Supplied data:

________

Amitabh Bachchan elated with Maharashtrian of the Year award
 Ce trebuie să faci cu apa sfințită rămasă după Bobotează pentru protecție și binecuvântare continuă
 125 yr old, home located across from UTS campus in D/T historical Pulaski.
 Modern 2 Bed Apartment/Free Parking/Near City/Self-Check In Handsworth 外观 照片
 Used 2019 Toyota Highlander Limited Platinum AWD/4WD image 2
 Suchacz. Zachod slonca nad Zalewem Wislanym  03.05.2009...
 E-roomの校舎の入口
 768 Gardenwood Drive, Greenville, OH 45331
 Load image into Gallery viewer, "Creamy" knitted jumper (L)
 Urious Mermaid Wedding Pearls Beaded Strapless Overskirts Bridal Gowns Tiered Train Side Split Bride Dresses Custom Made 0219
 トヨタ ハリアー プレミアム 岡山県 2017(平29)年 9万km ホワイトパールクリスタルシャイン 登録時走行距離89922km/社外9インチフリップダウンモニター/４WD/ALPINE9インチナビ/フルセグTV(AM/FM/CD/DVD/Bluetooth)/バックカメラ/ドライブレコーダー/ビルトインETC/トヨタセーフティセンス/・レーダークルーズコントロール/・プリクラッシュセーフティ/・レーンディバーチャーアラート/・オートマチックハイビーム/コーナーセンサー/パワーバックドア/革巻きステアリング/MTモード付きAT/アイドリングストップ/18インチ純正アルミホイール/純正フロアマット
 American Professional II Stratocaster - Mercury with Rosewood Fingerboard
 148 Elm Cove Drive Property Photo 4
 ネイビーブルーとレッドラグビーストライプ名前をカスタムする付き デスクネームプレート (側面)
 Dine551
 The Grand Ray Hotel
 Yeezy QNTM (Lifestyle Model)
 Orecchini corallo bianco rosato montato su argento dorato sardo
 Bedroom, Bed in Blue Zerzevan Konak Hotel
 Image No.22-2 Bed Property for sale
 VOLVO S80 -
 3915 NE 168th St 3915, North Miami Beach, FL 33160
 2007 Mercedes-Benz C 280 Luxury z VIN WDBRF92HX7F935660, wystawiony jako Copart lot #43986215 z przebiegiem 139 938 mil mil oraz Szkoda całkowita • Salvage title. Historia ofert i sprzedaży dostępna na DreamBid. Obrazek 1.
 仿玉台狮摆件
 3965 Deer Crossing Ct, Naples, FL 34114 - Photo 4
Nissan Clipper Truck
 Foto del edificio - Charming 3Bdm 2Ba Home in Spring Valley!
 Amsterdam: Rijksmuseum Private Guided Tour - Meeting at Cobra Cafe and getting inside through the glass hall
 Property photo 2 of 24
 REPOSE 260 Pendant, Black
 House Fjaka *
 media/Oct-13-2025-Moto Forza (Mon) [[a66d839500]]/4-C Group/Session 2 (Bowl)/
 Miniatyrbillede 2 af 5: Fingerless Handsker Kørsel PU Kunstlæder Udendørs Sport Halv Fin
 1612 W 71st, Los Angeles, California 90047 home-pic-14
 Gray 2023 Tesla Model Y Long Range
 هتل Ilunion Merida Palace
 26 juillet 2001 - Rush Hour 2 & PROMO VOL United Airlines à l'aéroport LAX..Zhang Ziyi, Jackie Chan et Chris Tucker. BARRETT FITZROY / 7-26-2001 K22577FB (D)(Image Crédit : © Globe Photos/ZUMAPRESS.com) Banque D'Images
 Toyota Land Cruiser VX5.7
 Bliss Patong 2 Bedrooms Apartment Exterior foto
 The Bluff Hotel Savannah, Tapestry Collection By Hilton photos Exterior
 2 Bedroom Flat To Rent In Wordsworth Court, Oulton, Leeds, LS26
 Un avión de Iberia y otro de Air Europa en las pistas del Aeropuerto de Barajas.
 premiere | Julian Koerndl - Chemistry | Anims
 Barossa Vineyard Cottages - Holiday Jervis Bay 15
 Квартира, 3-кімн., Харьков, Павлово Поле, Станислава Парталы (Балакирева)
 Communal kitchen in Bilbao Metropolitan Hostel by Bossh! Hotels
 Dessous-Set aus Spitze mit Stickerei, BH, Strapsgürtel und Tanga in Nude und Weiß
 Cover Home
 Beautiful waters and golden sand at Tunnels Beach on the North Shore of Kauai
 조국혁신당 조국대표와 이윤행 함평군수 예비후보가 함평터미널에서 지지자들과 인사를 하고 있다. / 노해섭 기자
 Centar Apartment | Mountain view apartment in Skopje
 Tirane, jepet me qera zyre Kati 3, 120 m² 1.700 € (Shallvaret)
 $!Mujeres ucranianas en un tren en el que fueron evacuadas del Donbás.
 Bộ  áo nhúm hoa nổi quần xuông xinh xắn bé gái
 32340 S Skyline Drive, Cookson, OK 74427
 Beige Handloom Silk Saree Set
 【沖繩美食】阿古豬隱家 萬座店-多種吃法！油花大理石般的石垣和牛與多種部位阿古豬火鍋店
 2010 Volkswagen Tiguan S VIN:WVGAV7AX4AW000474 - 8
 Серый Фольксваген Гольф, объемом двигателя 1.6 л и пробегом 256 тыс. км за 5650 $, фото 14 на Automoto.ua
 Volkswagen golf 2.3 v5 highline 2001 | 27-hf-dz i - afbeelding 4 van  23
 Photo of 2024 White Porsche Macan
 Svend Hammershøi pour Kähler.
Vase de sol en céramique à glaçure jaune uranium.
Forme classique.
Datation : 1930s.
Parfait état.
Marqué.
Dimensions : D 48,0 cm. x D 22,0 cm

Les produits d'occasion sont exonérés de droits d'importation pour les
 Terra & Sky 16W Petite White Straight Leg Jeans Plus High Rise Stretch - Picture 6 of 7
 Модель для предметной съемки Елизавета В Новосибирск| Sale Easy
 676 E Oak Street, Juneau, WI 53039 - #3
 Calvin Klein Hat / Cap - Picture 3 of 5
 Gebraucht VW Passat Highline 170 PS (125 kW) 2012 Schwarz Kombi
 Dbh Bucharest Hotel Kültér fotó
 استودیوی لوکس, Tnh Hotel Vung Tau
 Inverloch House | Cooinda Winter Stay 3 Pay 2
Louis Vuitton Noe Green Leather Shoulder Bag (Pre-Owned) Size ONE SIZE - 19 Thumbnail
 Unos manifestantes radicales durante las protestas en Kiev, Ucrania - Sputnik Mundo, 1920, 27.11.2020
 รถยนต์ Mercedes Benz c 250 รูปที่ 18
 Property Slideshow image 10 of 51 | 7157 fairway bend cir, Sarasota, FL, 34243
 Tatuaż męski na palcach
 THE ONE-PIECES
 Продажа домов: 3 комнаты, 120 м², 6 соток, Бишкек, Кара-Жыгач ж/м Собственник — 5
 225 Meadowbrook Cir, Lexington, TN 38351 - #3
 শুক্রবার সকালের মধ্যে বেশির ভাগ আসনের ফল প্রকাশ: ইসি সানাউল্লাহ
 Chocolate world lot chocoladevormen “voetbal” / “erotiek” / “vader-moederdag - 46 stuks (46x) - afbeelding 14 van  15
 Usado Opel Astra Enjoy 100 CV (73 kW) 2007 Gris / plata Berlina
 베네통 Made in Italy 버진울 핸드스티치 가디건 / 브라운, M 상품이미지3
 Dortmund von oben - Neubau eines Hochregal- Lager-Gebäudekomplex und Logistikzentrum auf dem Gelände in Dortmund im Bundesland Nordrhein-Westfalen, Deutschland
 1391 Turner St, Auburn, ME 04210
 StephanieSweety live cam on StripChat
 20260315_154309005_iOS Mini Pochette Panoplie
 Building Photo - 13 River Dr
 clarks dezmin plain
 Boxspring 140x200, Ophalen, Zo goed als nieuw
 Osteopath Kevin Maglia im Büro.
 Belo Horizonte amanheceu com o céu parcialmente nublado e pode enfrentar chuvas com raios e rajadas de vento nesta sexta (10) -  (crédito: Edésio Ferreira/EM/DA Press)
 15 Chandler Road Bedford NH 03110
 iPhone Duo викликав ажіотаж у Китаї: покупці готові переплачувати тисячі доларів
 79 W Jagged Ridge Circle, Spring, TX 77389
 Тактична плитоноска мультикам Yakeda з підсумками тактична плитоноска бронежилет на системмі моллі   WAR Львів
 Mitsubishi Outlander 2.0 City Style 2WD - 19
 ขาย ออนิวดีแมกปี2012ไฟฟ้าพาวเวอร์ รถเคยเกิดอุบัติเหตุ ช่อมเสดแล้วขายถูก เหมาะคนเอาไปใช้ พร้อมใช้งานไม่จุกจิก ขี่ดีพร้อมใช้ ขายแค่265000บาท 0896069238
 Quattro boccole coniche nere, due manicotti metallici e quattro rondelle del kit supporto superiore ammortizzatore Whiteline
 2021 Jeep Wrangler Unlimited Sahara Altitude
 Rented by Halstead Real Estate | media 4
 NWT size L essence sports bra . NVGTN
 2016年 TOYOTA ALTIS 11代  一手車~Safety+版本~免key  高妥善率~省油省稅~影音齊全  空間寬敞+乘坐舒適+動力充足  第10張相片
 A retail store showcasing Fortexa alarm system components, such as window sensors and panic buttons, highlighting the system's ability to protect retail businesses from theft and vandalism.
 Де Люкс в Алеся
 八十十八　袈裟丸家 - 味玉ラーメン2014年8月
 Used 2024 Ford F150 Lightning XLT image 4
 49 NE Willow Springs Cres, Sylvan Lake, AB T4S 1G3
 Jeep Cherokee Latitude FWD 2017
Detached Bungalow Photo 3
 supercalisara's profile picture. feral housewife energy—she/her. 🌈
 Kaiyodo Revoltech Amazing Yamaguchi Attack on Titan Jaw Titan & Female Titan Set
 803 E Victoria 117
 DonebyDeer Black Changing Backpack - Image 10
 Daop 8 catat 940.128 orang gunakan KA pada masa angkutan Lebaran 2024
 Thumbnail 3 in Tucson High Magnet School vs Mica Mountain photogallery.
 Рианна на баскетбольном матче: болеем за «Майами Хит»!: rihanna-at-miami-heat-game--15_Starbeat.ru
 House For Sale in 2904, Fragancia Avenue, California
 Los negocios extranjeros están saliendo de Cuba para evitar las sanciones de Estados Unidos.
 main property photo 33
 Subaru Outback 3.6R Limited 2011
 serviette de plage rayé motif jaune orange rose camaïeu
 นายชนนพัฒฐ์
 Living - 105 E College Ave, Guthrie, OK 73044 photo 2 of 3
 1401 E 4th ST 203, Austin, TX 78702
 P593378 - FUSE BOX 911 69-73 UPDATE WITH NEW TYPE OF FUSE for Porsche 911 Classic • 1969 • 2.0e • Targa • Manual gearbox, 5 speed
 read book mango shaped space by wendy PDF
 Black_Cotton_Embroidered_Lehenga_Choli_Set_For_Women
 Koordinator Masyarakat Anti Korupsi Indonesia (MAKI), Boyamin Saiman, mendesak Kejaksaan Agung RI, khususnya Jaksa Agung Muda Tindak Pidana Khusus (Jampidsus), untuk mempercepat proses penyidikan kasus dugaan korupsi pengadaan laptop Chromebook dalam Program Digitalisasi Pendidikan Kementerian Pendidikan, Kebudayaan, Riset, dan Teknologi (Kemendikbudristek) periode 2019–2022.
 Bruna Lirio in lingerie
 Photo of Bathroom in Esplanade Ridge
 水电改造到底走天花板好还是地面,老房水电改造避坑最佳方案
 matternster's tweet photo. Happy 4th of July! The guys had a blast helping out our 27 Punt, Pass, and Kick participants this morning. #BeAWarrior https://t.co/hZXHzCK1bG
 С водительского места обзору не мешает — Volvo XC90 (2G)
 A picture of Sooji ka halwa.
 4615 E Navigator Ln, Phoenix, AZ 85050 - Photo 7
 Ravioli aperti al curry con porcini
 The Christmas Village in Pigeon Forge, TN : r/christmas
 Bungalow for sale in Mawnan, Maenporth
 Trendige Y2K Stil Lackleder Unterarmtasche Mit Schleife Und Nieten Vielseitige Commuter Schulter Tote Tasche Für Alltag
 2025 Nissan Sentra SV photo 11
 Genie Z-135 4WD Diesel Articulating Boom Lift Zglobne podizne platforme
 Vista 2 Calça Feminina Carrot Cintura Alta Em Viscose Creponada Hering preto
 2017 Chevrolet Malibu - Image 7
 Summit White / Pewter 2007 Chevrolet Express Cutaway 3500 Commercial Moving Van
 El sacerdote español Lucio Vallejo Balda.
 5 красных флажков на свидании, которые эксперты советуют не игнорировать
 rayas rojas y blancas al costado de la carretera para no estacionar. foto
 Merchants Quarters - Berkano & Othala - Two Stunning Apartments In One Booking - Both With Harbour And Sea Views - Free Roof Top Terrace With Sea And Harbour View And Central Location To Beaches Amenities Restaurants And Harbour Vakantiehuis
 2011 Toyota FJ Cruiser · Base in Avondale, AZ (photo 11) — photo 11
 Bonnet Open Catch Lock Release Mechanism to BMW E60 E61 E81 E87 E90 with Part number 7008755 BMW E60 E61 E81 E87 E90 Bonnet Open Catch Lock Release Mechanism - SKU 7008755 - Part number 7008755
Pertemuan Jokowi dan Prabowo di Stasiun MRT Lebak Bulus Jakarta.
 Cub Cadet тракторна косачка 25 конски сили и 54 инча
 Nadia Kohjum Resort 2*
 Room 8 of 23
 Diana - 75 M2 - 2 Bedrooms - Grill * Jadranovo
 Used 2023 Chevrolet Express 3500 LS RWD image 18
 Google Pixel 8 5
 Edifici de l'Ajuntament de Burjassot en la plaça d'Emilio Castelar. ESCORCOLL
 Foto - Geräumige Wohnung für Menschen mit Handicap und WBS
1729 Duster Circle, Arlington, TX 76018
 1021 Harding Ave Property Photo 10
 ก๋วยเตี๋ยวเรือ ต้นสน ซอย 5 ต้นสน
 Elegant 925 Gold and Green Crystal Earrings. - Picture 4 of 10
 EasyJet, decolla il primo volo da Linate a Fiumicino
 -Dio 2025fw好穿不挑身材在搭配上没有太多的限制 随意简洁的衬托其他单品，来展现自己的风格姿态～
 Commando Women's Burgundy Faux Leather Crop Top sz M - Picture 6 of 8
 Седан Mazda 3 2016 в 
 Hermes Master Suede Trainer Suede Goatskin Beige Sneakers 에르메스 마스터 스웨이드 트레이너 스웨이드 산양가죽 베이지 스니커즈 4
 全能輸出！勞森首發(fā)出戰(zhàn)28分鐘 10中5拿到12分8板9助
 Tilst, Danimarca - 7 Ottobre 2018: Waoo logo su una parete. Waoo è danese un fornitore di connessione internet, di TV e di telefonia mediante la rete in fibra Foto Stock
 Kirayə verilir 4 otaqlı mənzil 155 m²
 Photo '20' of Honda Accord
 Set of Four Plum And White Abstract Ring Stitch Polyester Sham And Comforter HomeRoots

________

Exercise brief:
Lines to set down from above: the line with "Suchacz. Zachod slonca", the line with "Bliss Patong 2", and every line between, each exactly as written.

Answer to this task:
 Suchacz. Zachod slonca nad Zalewem Wislanym  03.05.2009...
 E-roomの校舎の入口
 768 Gardenwood Drive, Greenville, OH 45331
 Load image into Gallery viewer, "Creamy" knitted jumper (L)
 Urious Mermaid Wedding Pearls Beaded Strapless Overskirts Bridal Gowns Tiered Train Side Split Bride Dresses Custom Made 0219
 トヨタ ハリアー プレミアム 岡山県 2017(平29)年 9万km ホワイトパールクリスタルシャイン 登録時走行距離89922km/社外9インチフリップダウンモニター/４WD/ALPINE9インチナビ/フルセグTV(AM/FM/CD/DVD/Bluetooth)/バックカメラ/ドライブレコーダー/ビルトインETC/トヨタセーフティセンス/・レーダークルーズコントロール/・プリクラッシュセーフティ/・レーンディバーチャーアラート/・オートマチックハイビーム/コーナーセンサー/パワーバックドア/革巻きステアリング/MTモード付きAT/アイドリングストップ/18インチ純正アルミホイール/純正フロアマット
 American Professional II Stratocaster - Mercury with Rosewood Fingerboard
 148 Elm Cove Drive Property Photo 4
 ネイビーブルーとレッドラグビーストライプ名前をカスタムする付き デスクネームプレート (側面)
 Dine551
 The Grand Ray Hotel
 Yeezy QNTM (Lifestyle Model)
 Orecchini corallo bianco rosato montato su argento dorato sardo
 Bedroom, Bed in Blue Zerzevan Konak Hotel
 Image No.22-2 Bed Property for sale
 VOLVO S80 -
 3915 NE 168th St 3915, North Miami Beach, FL 33160
 2007 Mercedes-Benz C 280 Luxury z VIN WDBRF92HX7F935660, wystawiony jako Copart lot #43986215 z przebiegiem 139 938 mil mil oraz Szkoda całkowita • Salvage title. Historia ofert i sprzedaży dostępna na DreamBid. Obrazek 1.
 仿玉台狮摆件
 3965 Deer Crossing Ct, Naples, FL 34114 - Photo 4
Nissan Clipper Truck
 Foto del edificio - Charming 3Bdm 2Ba Home in Spring Valley!
 Amsterdam: Rijksmuseum Private Guided Tour - Meeting at Cobra Cafe and getting inside through the glass hall
 Property photo 2 of 24
 REPOSE 260 Pendant, Black
 House Fjaka *
 media/Oct-13-2025-Moto Forza (Mon) [[a66d839500]]/4-C Group/Session 2 (Bowl)/
 Miniatyrbillede 2 af 5: Fingerless Handsker Kørsel PU Kunstlæder Udendørs Sport Halv Fin
 1612 W 71st, Los Angeles, California 90047 home-pic-14
 Gray 2023 Tesla Model Y Long Range
 هتل Ilunion Merida Palace
 26 juillet 2001 - Rush Hour 2 & PROMO VOL United Airlines à l'aéroport LAX..Zhang Ziyi, Jackie Chan et Chris Tucker. BARRETT FITZROY / 7-26-2001 K22577FB (D)(Image Crédit : © Globe Photos/ZUMAPRESS.com) Banque D'Images
 Toyota Land Cruiser VX5.7
 Bliss Patong 2 Bedrooms Apartment Exterior foto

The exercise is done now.